Wednesday, November 16, 2005

a moon i saw

not the human kind :)

i was walking out of the the JFSB on monday night, rather low, and i looked up to my left and saw the most stunning moon poised right above the V between the mountains. And there was a cloud that moved across it that crested at the top like a wave. I was immediately charged, in a very trancendentalist way, to go attack the rest of the evening, which i did, which was good. I just thought i'd share that little experience with Nature. Here is another very rough poem

Seeley lake montana

A woman held a huckleberry child
Close against her breast.
Lovers by the lakeshore
Threw themselves against the flame
A man in a pale blue western shirt
Saw the ochre token, and stopped

Our town sits beside a lake in a valley
There is a post office with green shingles and an ace hardware .
There is a fair every july,
and the little girls sit on floats and look like young mothers.

I saw the flame. It tasted like cinnamon.

When we asked the old men
They paused a long time and finally said
“the winter will put her out”

Tuesday, November 15, 2005

mood fits the template

Dear blog readers, i love you all. But i must confess that my mood has matched the black template of this blog for quite a while now. Between boot, gally gal (what were now calling my tricksy gall bladder) and other random and semi-crushing disapointments both personal and professional, its been a rough semester for the ol' blogster. But a good one too, as i can see light at the end of this tunnel. And oh, what a petri dish for poetic bacteria... so here is another poem, another dense and rather dark one I'm afraid. Enjoy.

Ode to the weeping birch outside my window, before the first snow.

It wasn’t mercy that blocked your veins with a wall of cells
And trapped the sugar in the small oval leaves,
Turning them sick in their sweetness.

it wasn’t your guilt then, either
that moved your split trunk in a gentle sway and
waltzed the leaves from their thin, dark partners.

Your split trunk killed its covering
And opened up it’s white chest
To show its scars, to sing like sirens to the snow.
Its whiteness, like a duck hunt decoy
brought the snow circling down.

It was your shame, and need, that submitted to cold, and gravity.
A shame that invited snow to build slowly upon your windward faces.
Or to grow like a moat and rampart around your base.
It was your need to incubate and sleep in your circular cocoon.

(Somewhere in the secret heart of trees
Even when they are young and green
There is always this shame and need, I think.)

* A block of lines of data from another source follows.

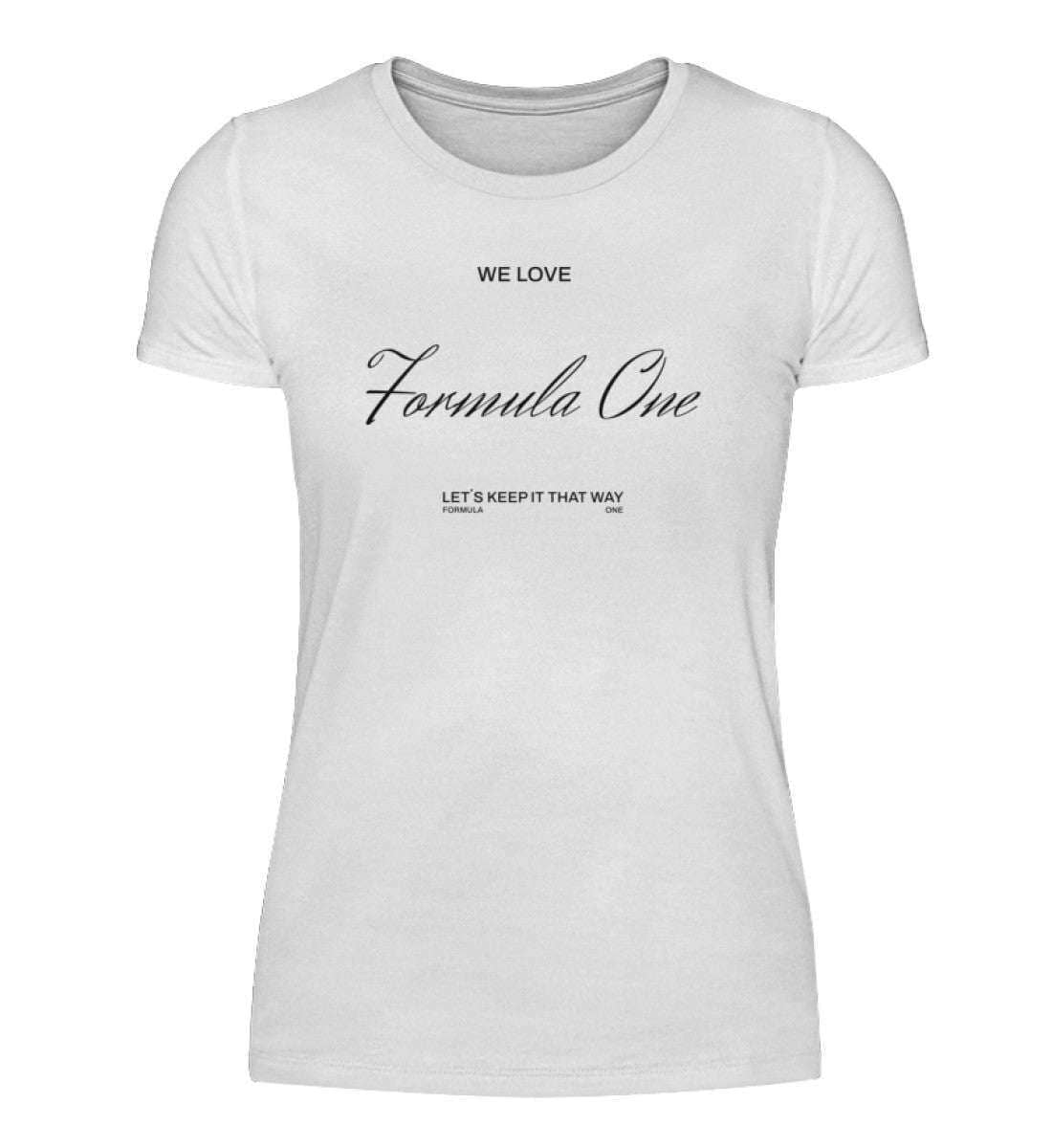 We Love Formula One Damen Shirt - Perfekt für Motorsport Fans | 100% Baumwolle | NOVAWEAR Damen Basic T-Shirt Novawear White S 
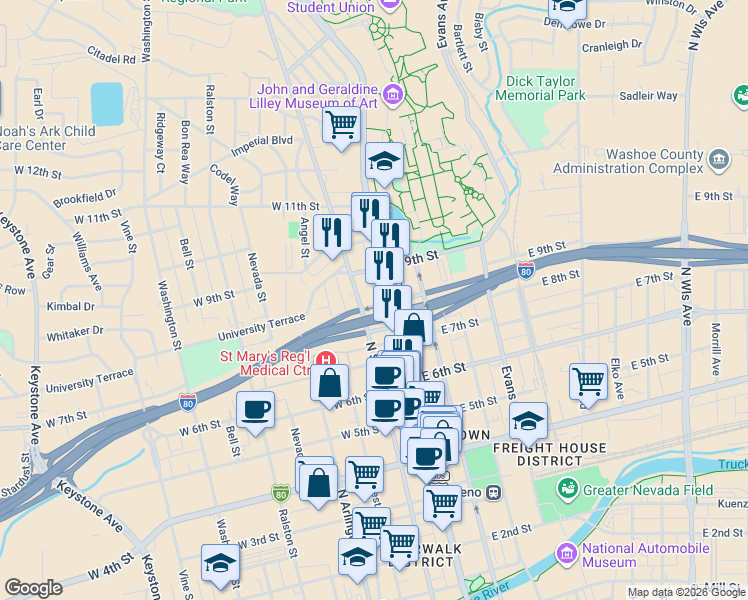 map of restaurants, bars, coffee shops, grocery stores, and more near 840 North Sierra Street in Reno
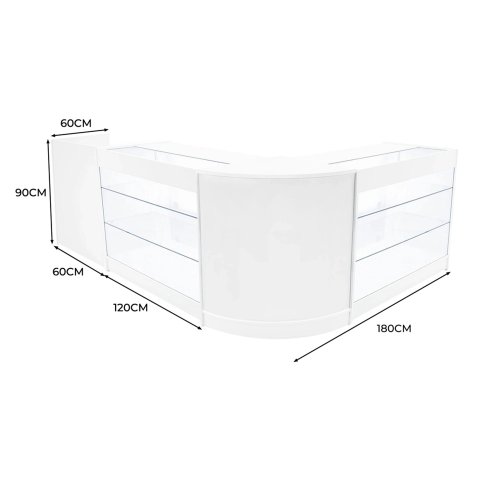 Aries LED Shop Counter Set CM60, TB60 & 2 x K1200 - White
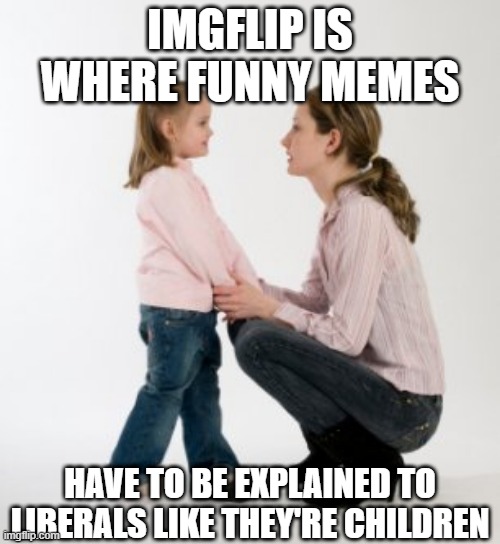 parenting raising children girl asking mommy why discipline Demo | IMGFLIP IS WHERE FUNNY MEMES; HAVE TO BE EXPLAINED TO LIBERALS LIKE THEY'RE CHILDREN | image tagged in parenting raising children girl asking mommy why discipline demo | made w/ Imgflip meme maker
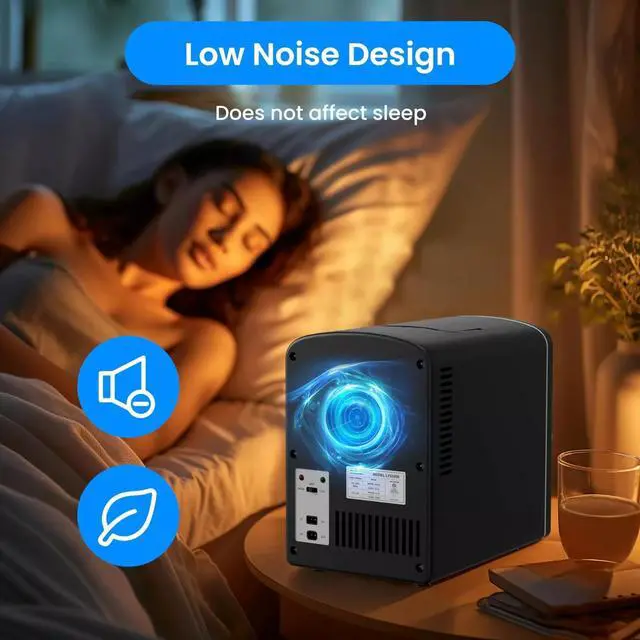 Alt view image 7 of 7 - 6L Portable Mini Fridge with Observation Window Warmer and Cooler 9 Cans Black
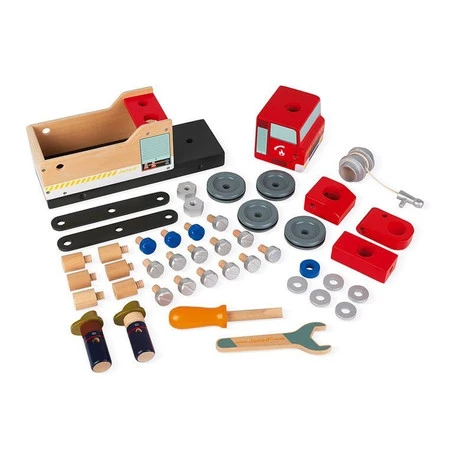 Janod Drewniany wóz strażacki do składania z narzędziami Brico'kids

You must know, in your hibernation
That when the snow melts you will have become:
Thicker.
More terrible.
One step closer to Bethlehem in your slouching creep.
One season closer to your birth.

The first snowflake always falls slow, always turns over and over itself in the air
And tonight, on your paper thin nakedness,
lands like a single locust.

Friday, November 11, 2005

I mean, c'mon, a freakin gall-bladder?

last night was my first experience with morphine. administered through iv at the provo hospital i was born in. all this because i ate some carrots and then felt i was dying and fought it for four hours and finally went to the hospital only to learn that my frikin gall bladder was on the fritz. a gall bladder, what the heck does a gall bladder do anyway? (believe me, i have since googled it)

Monday, November 07, 2005

back from surgery and new work

i tried to blog again through the widget but failed, so here is the second attempt. im back from surgery and working again. i also now have someone new in my life...my knee length cast...which we affectionately refer to as "Boot". sometimes i love boot, sometimes i hate it. sometimes he is a he, sometimes she is also poetically a she. but one thing is clear, boot is real and constant and a force to be reckoned with (and great at kicking old pumpkins i might add)

i will DEFINITELY post more about boot.

here is some new work for a class i am in

Prelude to an Elegy for a Homeless Man

For you, something bold and elegiac
Supreme,
Like the 1872 painting of a great wooden ship
Cresting a wave
While behind the ship a sun breaks
From out the storm--
Brilliant white paint.

Yes, something like that
Or choral music,
Or even tuxedos.

Or some general
In some noble war against tyranny
Issuing some order demanding sacrifice--
Artillery flares red behind him
In the predawn.

All this because you were
a small man,
With broken shoulders
Whom I saw everyday on the corner
Outside my ramshackle office
Until one day I did not see you
And asked the others who are still always on the corner
And they said you had died.
And they said it like a fact,
without grief.

So this for you,
For your broken teeth.
For your beard that came in patches.
For your junkie's crush.
Something great and sad
Because you were not a chorus,
Or a general
Or a sturdy wooden ship against a wave.